MATERIAL PROVIDED Block Start

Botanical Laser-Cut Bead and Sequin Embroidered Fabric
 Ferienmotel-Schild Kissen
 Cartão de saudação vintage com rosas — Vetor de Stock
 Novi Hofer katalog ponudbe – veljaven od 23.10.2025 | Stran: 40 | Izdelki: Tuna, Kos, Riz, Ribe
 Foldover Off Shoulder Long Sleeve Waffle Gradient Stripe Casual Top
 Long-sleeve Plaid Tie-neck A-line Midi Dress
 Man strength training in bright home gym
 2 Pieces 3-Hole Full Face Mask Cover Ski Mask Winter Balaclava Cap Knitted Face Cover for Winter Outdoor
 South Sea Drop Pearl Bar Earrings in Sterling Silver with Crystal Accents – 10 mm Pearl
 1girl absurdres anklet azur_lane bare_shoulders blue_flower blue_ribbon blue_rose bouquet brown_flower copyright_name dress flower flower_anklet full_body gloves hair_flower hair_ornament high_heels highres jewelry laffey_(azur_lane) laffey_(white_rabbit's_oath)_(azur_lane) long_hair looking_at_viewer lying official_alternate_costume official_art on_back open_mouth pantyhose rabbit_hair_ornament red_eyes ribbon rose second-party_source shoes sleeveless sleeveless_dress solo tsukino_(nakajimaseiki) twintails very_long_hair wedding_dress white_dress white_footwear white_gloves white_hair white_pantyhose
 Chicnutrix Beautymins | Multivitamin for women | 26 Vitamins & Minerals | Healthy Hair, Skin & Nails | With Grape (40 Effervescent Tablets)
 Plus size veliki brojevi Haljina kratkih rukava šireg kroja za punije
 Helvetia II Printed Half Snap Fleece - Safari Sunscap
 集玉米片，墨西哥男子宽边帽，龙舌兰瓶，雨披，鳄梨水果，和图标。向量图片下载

MATERIAL PROVIDED Block End

## WHAT THIS TASK INVOLVES
Provide an exact reproduction of all the entries shown above.

## ANSWER FOR THIS EXERCISE
Botanical Laser-Cut Bead and Sequin Embroidered Fabric
 Ferienmotel-Schild Kissen
 Cartão de saudação vintage com rosas — Vetor de Stock
 Novi Hofer katalog ponudbe – veljaven od 23.10.2025 | Stran: 40 | Izdelki: Tuna, Kos, Riz, Ribe
 Foldover Off Shoulder Long Sleeve Waffle Gradient Stripe Casual Top
 Long-sleeve Plaid Tie-neck A-line Midi Dress
 Man strength training in bright home gym
 2 Pieces 3-Hole Full Face Mask Cover Ski Mask Winter Balaclava Cap Knitted Face Cover for Winter Outdoor
 South Sea Drop Pearl Bar Earrings in Sterling Silver with Crystal Accents – 10 mm Pearl
 1girl absurdres anklet azur_lane bare_shoulders blue_flower blue_ribbon blue_rose bouquet brown_flower copyright_name dress flower flower_anklet full_body gloves hair_flower hair_ornament high_heels highres jewelry laffey_(azur_lane) laffey_(white_rabbit's_oath)_(azur_lane) long_hair looking_at_viewer lying official_alternate_costume official_art on_back open_mouth pantyhose rabbit_hair_ornament red_eyes ribbon rose second-party_source shoes sleeveless sleeveless_dress solo tsukino_(nakajimaseiki) twintails very_long_hair wedding_dress white_dress white_footwear white_gloves white_hair white_pantyhose
 Chicnutrix Beautymins | Multivitamin for women | 26 Vitamins & Minerals | Healthy Hair, Skin & Nails | With Grape (40 Effervescent Tablets)
 Plus size veliki brojevi Haljina kratkih rukava šireg kroja za punije
 Helvetia II Printed Half Snap Fleece - Safari Sunscap
 集玉米片，墨西哥男子宽边帽，龙舌兰瓶，雨披，鳄梨水果，和图标。向量图片下载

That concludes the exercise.